Qui aurait parié, il y a quinze ans, sur la possibilité d’importer en France le concept de la Sant Jordi, fête catalane au cours de laquelle, le 23 avril, hommes et femmes s’offrent depuis le Moyen Age des roses et, depuis 1926, des livres ? Promotrice de l’événement consacré en 1995 par l’Unesco, dans l’indifférence générale, Journée mondiale du livre et du droit d’auteur, l’effervescente Marie-Rose Guarnieri, bouquet de roses en guise de bâton de pèlerin, suscitait alors plus de sourires amusés que d’engagements réels. La directrice de la librairie des Abesses, à Paris (18e), est pourtant parvenue en quelques années à faire de la Saint-Georges la journée de la librairie dans l’Hexagone. Près de 500 libraires indépendants de France et de Belgique participent désormais à la fête programmée cette année pour ce samedi 26 avril et largement médiatisée.

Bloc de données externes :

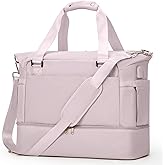 Weekender Bags for Women, Travel Duffel with Shoe Compartment USB Charging, Carry On Gym Duffle Bag with Wet Pocket, Personal Item Overnight Tote Bag for Airlines, Lotus Pink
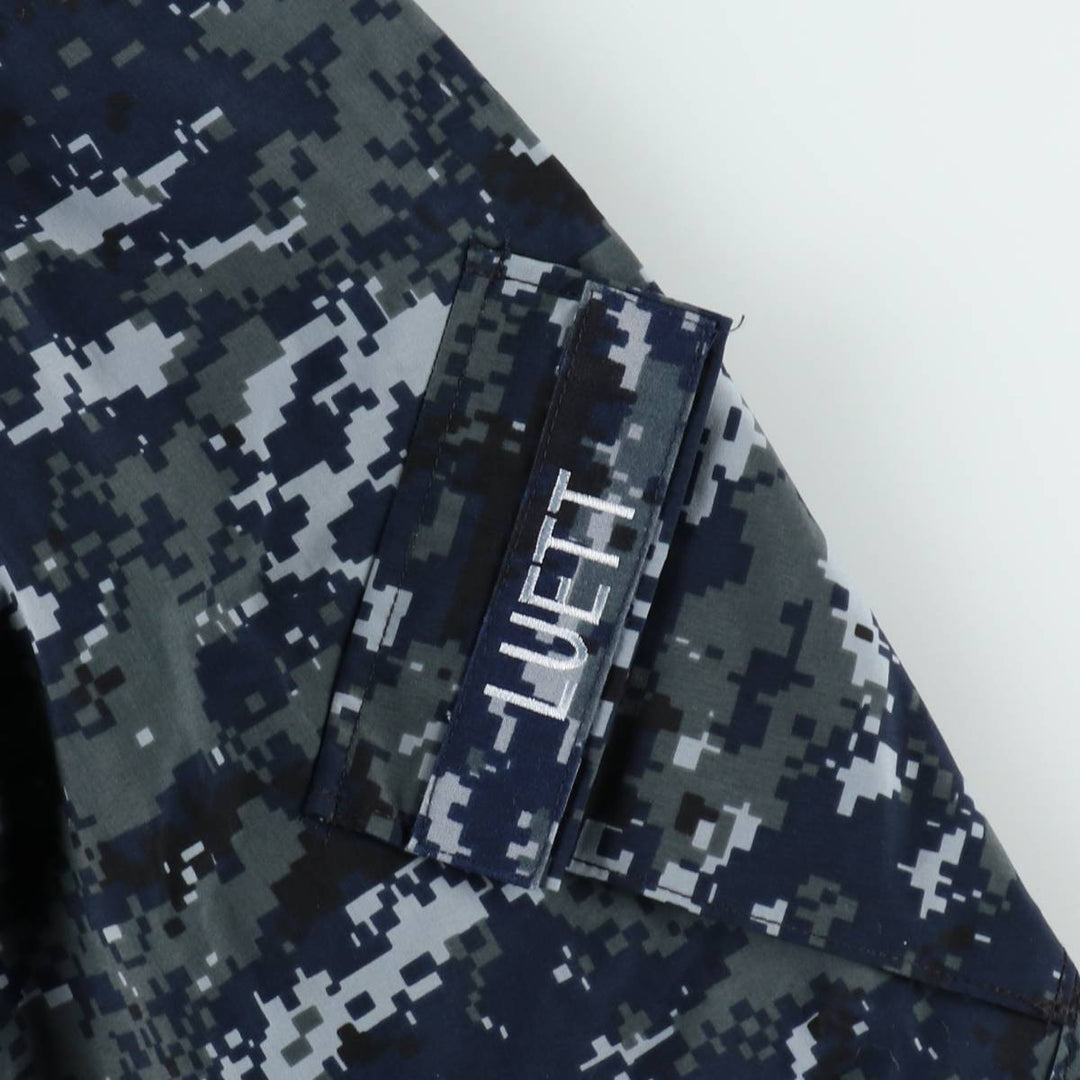 Genuine US Navy camouflage pattern NWU digital camo military Gore-Tex parka, made in USA, SMALL-X-SHORT (equivalent to men's S). Nylon navy blue type Vintage Second Hand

Il est vrai qu’entre-temps, en dépit de ses nombreuses fragilités, la librairie indépendante a fini par apparaître, en France et dans le monde, comme l’alternative culturelle et commerciale la plus cohérente et la plus crédible face au commerce en ligne en plein essor. Avec les multiples animations qu’elle draine, et les vocations qui se sont manifestées à d’autres périodes de l’année chez de nombreux libraires, de La Voie des indés, dans le Nord-Pas-de-Calais, aux Littorales, à Marseille, l’emblématique Saint-Georges encourage initiatives et échanges.
Nombre d’éditeurs aussi répondent à l’ébranlement du monde du livre par l’investissement sur la création, l’échange et le développement, tel le groupe Delcourt qui déménage dans un immeuble deux fois plus grand et bien plus fonctionnel le week-end même de la manifestation Un livre, une rose. Avec son déménagement, quelques mois avant celui d’Hachette Livre à Vanves, le P-DG du groupe, Guy Delcourt, espère bien profiter d’"effets de côtoiements" pour "stimuler l’échange et le travail collectif". Bienvenue dans l’édition 2.0.